The Duke of Wellington Inn, Danby, built 1765
The Duke of Wellington Inn, Danby, built 1765

A beautifully situated village in the north of the North York Moors National Park, Danby is perfectly located for exploring the northern part of the park. The Moors Centre is the information point and education centre for visitors keen to enjoy the national park. The centre is located on a minor road just outside the village.

The Moors Centre is housed in an old shooting lodge that belonged to the Danby Estate, owned by the Dawnay family. The core of the building is a 17th century farmhouse, transformed in the 18th century into a lodge for the Dawneys and their guests to enjoy grouse shooting on the nearby moors.

A short distance away are the ruins of Danby Castle, once home to Catherine Parr, sixth and final wife to Henry VIII. At nearby Danby Beck is Stormy Hall, named, so legend tells us, after Henry VIII took refuge there during a storm while on his way to visit Catherine Parr at the castle.

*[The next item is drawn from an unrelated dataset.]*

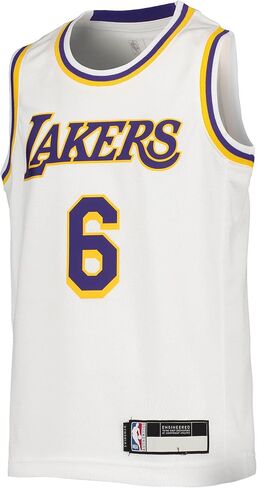 قميص Outerstuff Lebron James Los Angeles Lakers White #6 للأطفال الصغار بعيدًا عن Swingman in Kuwait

The rectangular castle dates to the early 14th century and was built for Lord Latimer. In its day the design was remarkable, combining defence and a comfortable residence into one building. It is now incorporated into a large farmhouse.

The castle is usually closed to the public, but visits can sometimes be arranged through the Moors Centre. The Danby court leet meets here regularly to govern the use of common land in the area. The leet was originally a manorial court, deciding all manner of criminal cases.

The Moors Centre in Danby
The Moors Centre in Danby

The Moors Centre has a wealth of information on visiting the National Park, from maps to information pamphlets, you can find out about the natural history of the area, the best places to see birds, wildlife, and unusual plants. Learn about the local animals and plants that call the moors home, and find out more about the Danby estate and tourist attractions in the area.

There are regular workshops aimed at the younger generation, play areas, and interactive exhibitions. You can also enjoy a very pretty set of terraced gardens with great views of the moors, and take walks through nearby Crow Wood. Easy trails lead from Danby village onto the moors.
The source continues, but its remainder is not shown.